| Natwar: Defining limits
New Delhi, July 24: India today told Pakistan that its desire for peace should not be taken to mean it can be pushed around.
It also reminded its western neighbour that meaningful progress in ongoing talks can only be made in an atmosphere free of violence and terrorism.
Drawing the parameters of the talks, India also said it was willing to discuss Jammu and Kashmir along with other issues, but would not accept any “artificial time frame” for resolving the decades-old dispute.
Pakistan yesterday said President Pervez Musharraf had, during a meeting with foreign minister Natwar Singh, made it clear that Kashmir needed to be resolved within a “reasonable time frame”.
But sources here said the foreign minister told Musharraf: “Flexibility also means flexibility on time.”
This meant that India wanted the President, who has been calling for flexibility from both sides on Kashmir, not to press for a time frame.
Delhi argues Kashmir is a complex problem and does not lend itself to quick-fix solutions.
The Indian establishment is not willing to conclude that Pakistan’s statement after the Musharraf-Singh talks indicates its desire to break away from the peace process.
It is being seen largely as an attempt by Musharraf to assure his “core constituency” – the army generals – that he is not diluting their stated position on Kashmir.
By coming up with a quick and tough response, India wants to let Pakistan know unambiguously how it views the dialogue process.

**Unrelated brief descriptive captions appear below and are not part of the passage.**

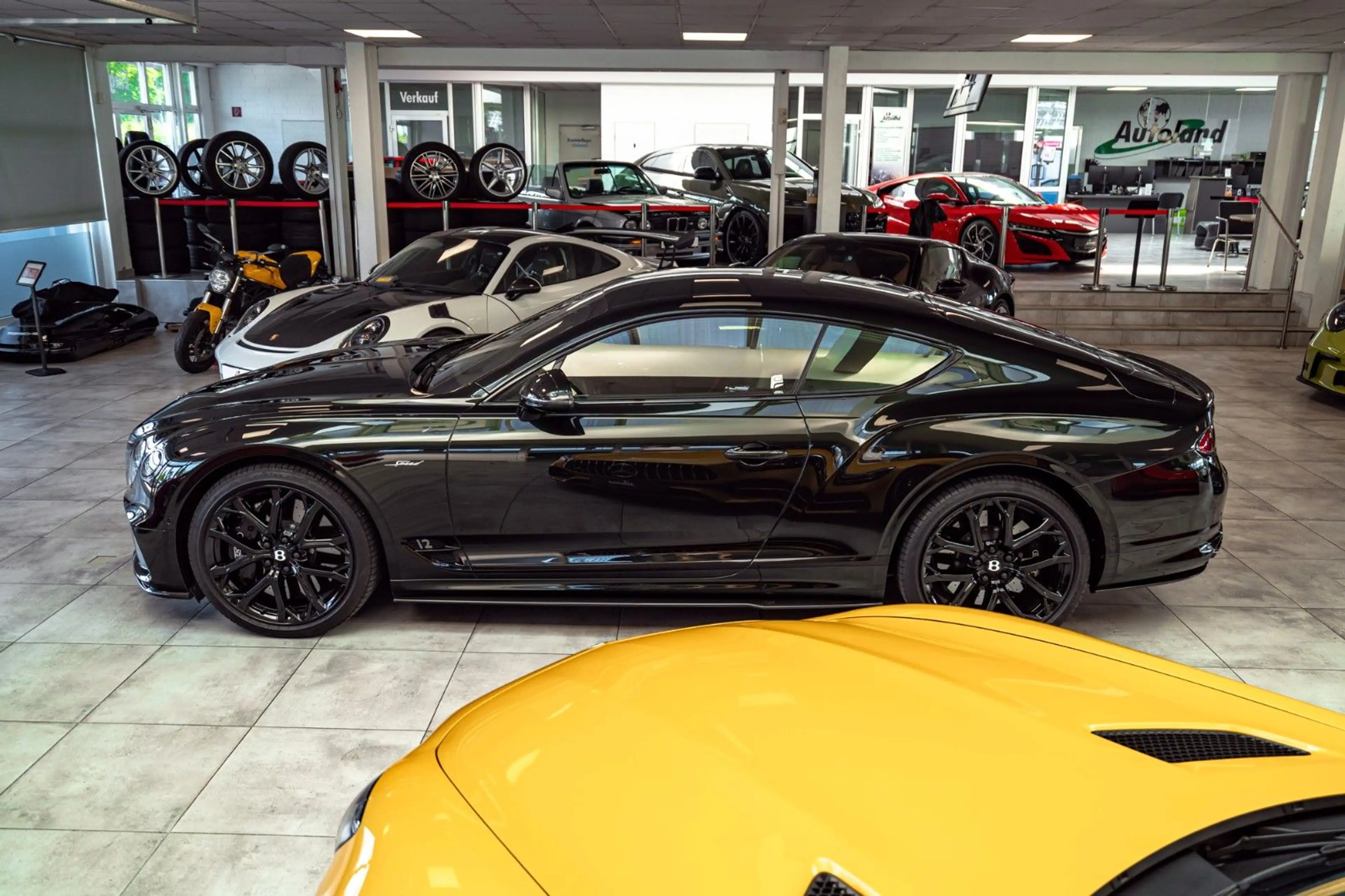 Bentley Continental GT Speed*Rotating*NAIM*Full&Unique* — photo 5
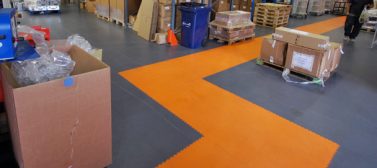 Bodenbeläge für Lagerhallen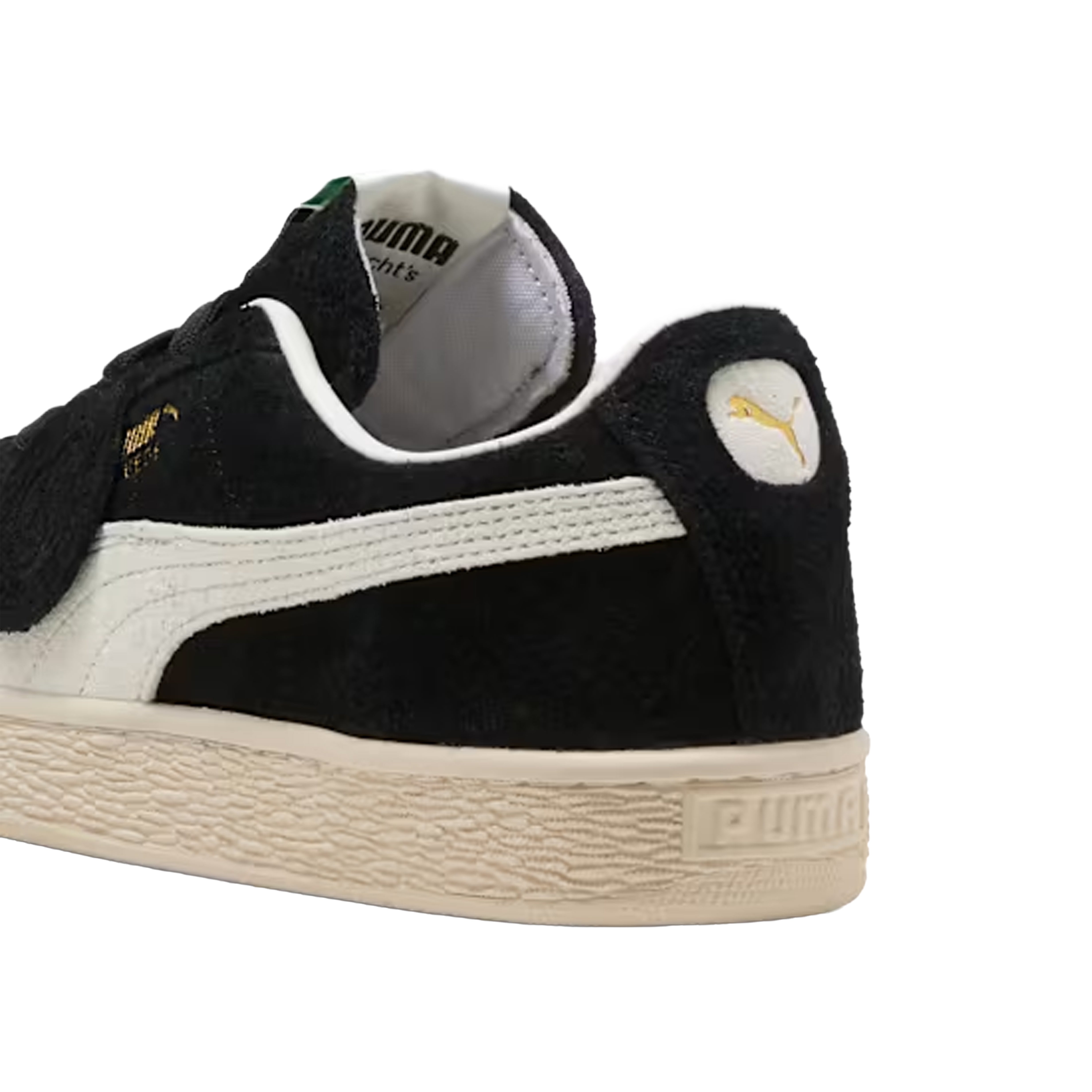SUEDE CHARLES F STEAD IV BLACK / WHITE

There are sections in Pakistan which believe that the Congress-led United Progressive Alliance’s desire to ensure the peace process begun by the previous A.B. Vajpayee government is not derailed will ensure that Islamabad is accommodated.
But India’s statement today has proved them wrong.
Delhi has expressed surprise and anger at the failure of the Pakistani statement yesterday to reflect the “comprehensive talks” Musharraf and Singh had in Rawalpindi yesterday.
India has said stopping cross-border infiltration and violence and dismantling the terrorist infrastructure are essential if talks are to make headway.
Sources said the Pakistani statement failed to convey Islamabad’s acknowledgement of the need to do this.
The Pakistani declaration also said India needed to take steps to satisfy the “comfort level” of the Kashmiris.
But sources here said Islamabad’s sudden urgency to resolve the Kashmir dispute within a “ reasonable timeframe” was totally absent between 1972 and 1989. Kashmir returned to the centrestage only after Islamabad managed to put in place the apparatus for cross-border-terrorism in the state.
Sources also say it is Islamabad that has neglected the wishes of Kashmiris and those Indians and Pakistanis who desire peace.
They added that Islamabad’s support for cross-border terrorism and its attempts to subvert the electoral process in the Northern Areas and Pakistan-occupied Kashmir were further examples of its total disregard for Kashmiris.